The superhero compliance training sits within the company’s learning management system, but Burns and her team push it out to all employees through emails to make it as easy as possible to access. Employees receive an email and click on a link to the LMS, or they can go to their learning transcript — selected courses that best fit their position and career development track — and take it later. They also can click directly into the email or access MasterCard’s intranet to get to the security compliance training.

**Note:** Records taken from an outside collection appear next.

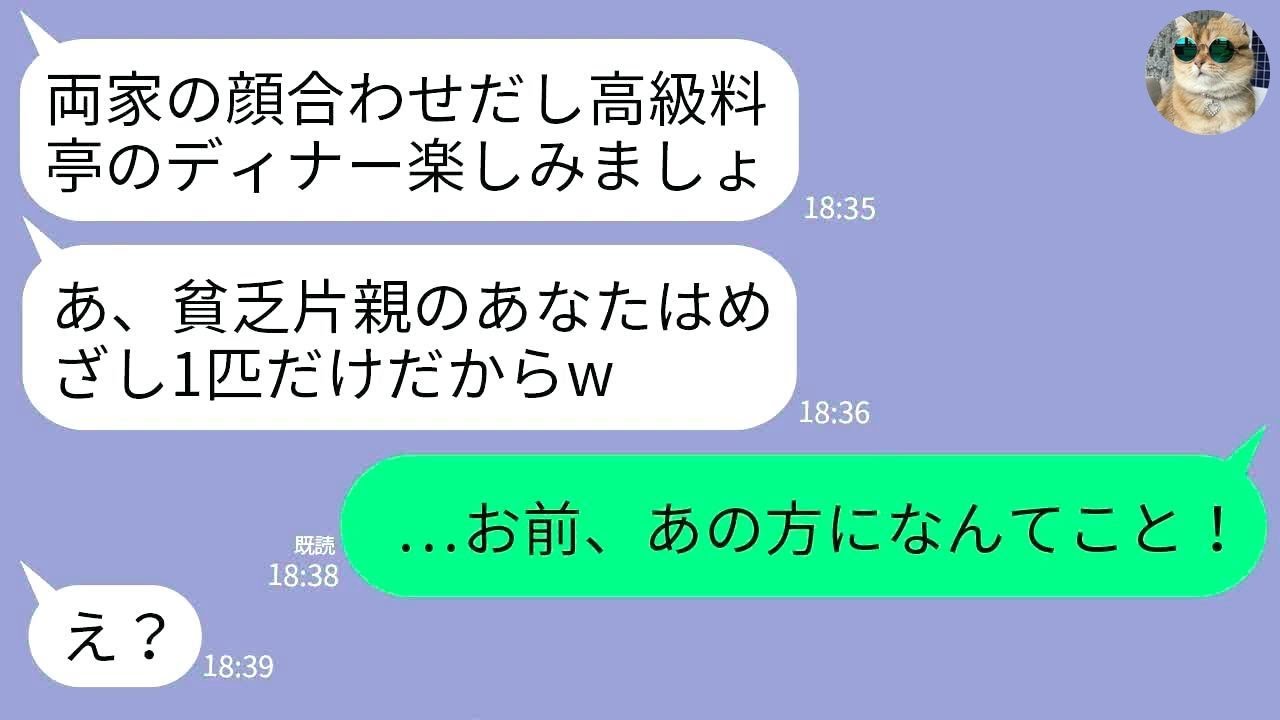 【LINE】母子家庭で育てた長男の結婚の挨拶で高級料亭に行くと私だけめざし1匹だった…。嫁母「貧乏人はそれで飯食えw」→直後、義父が私を見て青ざめ、義家族は地獄へwww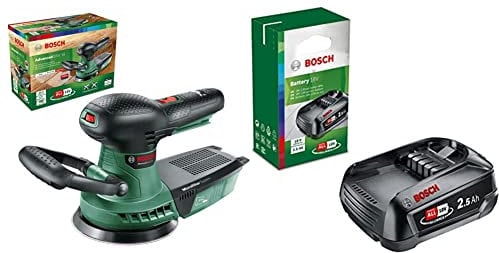 Bosch Home and Garden Cordless Orbital Sander AdvancedOrbit 18 (without battery, 18 Volt System, in carton packaging) & Home and Garden Battery Pack PBA 18V Black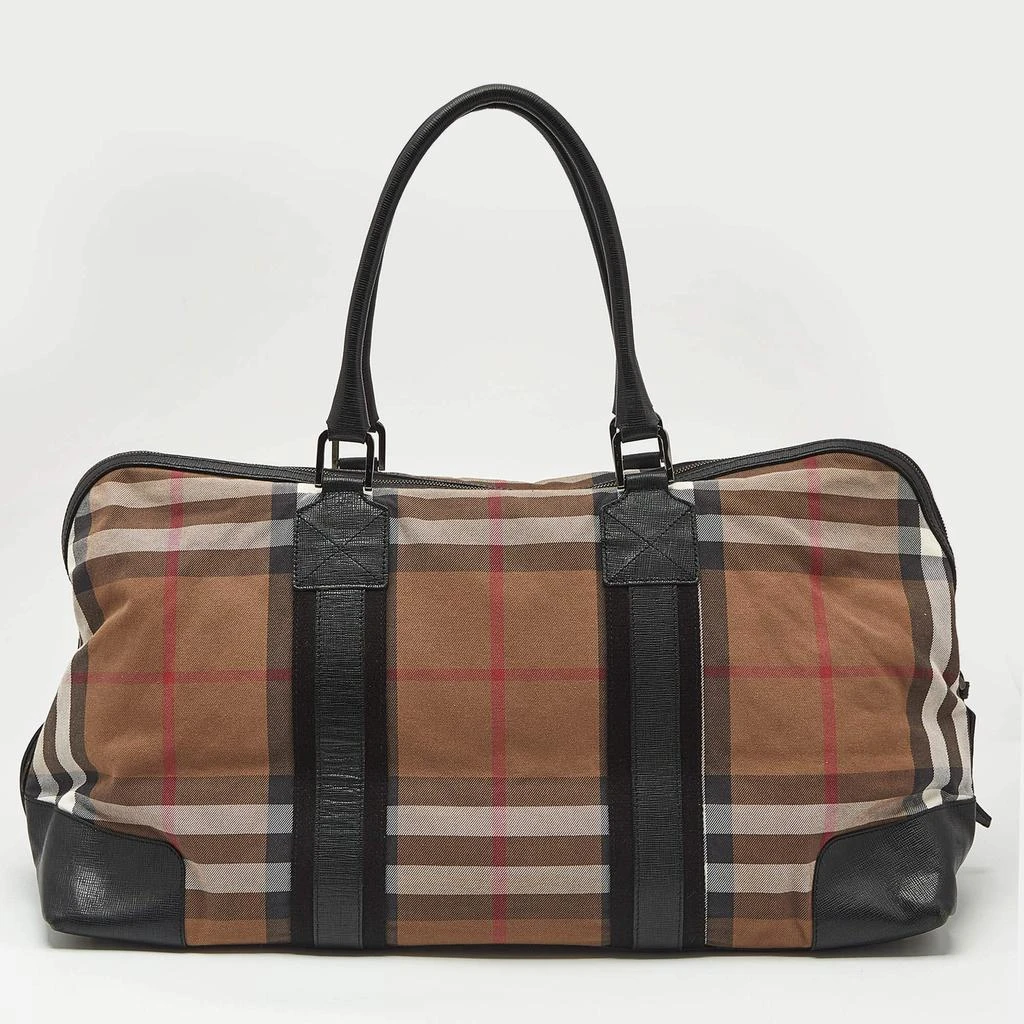 Burberry Burberry Brown/Black House Check Canvas and Leather Duffel Bag 4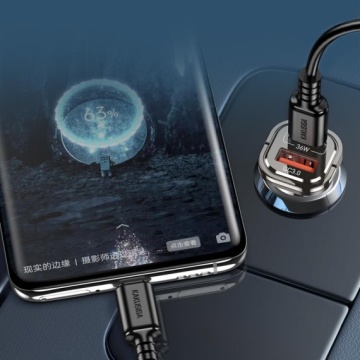 Kaku KSC-1193 - Incarcator Auto + Cablu Type-C, 1m, PD36W, 1xType-C, 1xUSB-A, Violet - Img 3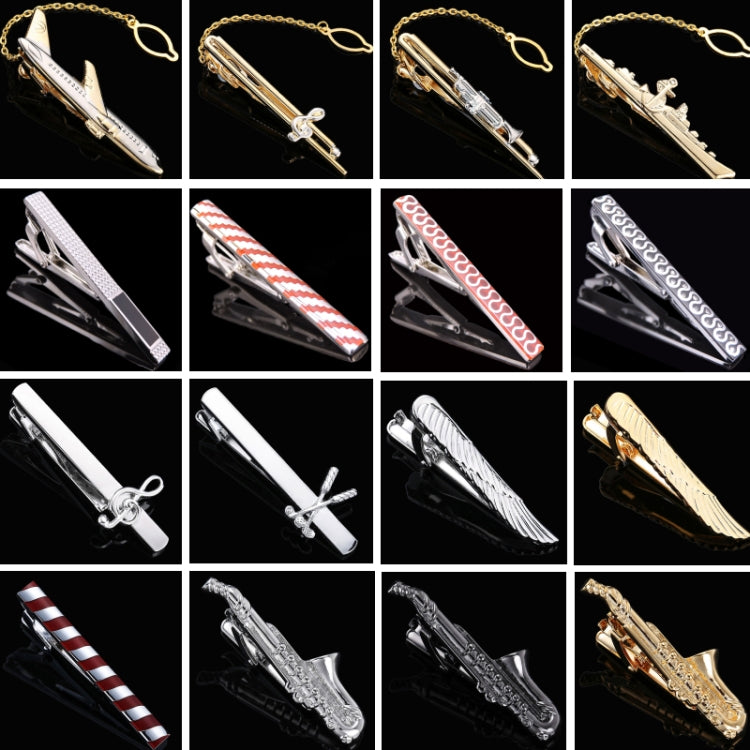 Fermacravatta da matrimonio formale da uomo da 2 pezzi, Gold Ship, Gold Trumpet, Gold Treble Symbol, Gold Aircraft, Silver Black, Red Trapezoidal, Red S Shape, Black S Shaped, Silver Treble Symbol, Silver Golf, Silver Wings, Gold Wings, Red Oblique Str...
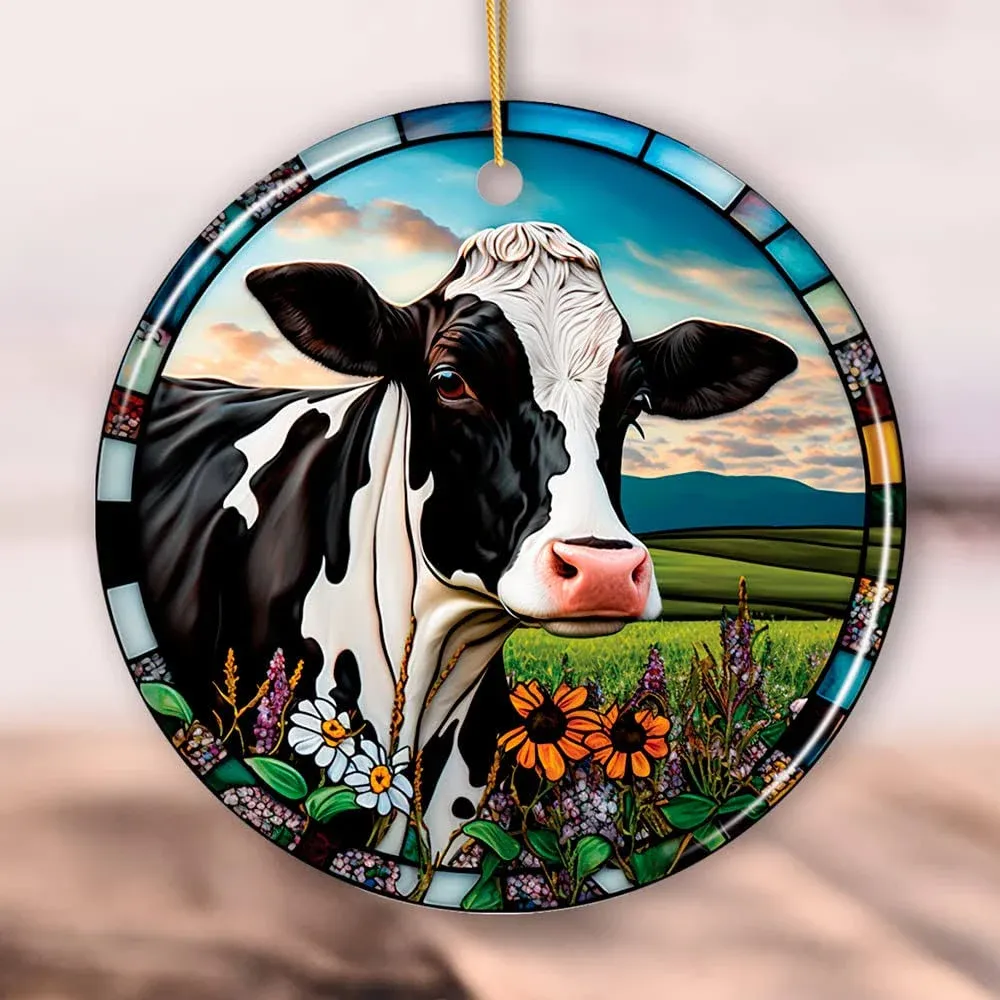 Stained Glass Bucolic Farm Cow Scene in The Pasture Ornament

Burns and her team are also exploring how to better measure the impact of the company’s social learning platform, Corp U, which is used to meet specific business needs. For example, in June Burns and her team offered Digital Marketing Academy on the platform to a select group of employees worldwide. The academy was a collaborative guided learning journey that explored emerging digital marketing trends and technologies, with specific discussion topics on website design, user experience, search engine optimization, online paid media, social media and digital measurement.
By the end of the program, participants were able to articulate the trends driving digital marketing tools and strategies; identify and describe the key elements of a complete and integrated digital marketing program; and evaluate key elements of a digital marketing plan’s strategy, design and execution. Burns and her team also measured participants’ engagement levels by tracking their involvement initiating responses to discussions, how often they accessed online content and completed individual assignments and the full six-week course.
Many of MasterCard’s employees also practice reverse mentoring within the company’s business resource groups. Burns introduced the strategy based on an experience during her stint as chief diversity officer from 2007 to 2010. The business resource group for young professionals came up with the idea of reverse mentoring, in which they collaborate on new concepts with the company’s corporate communications department. With Burns’ initial guidance, now the resource groups also host events such as informal lunch and learns, a speaker series and formal learning programs across the company’s global operations.
The Study of Behavior
Burns said there is a common thread to all of her various roles at MasterCard. Whether in her role as a product manager or as a learning leader, she loves to study behavior. She said studying why people do what they do better enables her to find ways to motivate them “to either buy a particular product or to learn.” With human behavior as an umbrella, HR and learning become a marriage of sorts between industrial psychology, analytics and high-impact learning.
Burns has spent most of her career at MasterCard. As her career path evolved, she not only picked up new business skills, but also she went back to school, earning a master’s degree in public administration at New York University in 1995, and then completing the advanced HR executive program at the University of Michigan’s Ross School of Business. She earned a bachelor’s degree in psychology at Wesleyan University in 1986.
“I’ve been afforded opportunities I don’t think I would have had at other companies, particularly larger companies,” she said. “I’ve been able to build some great programs from the ground up in several different roles. It really feels like I’ve had many different career experiences over my 22 years.”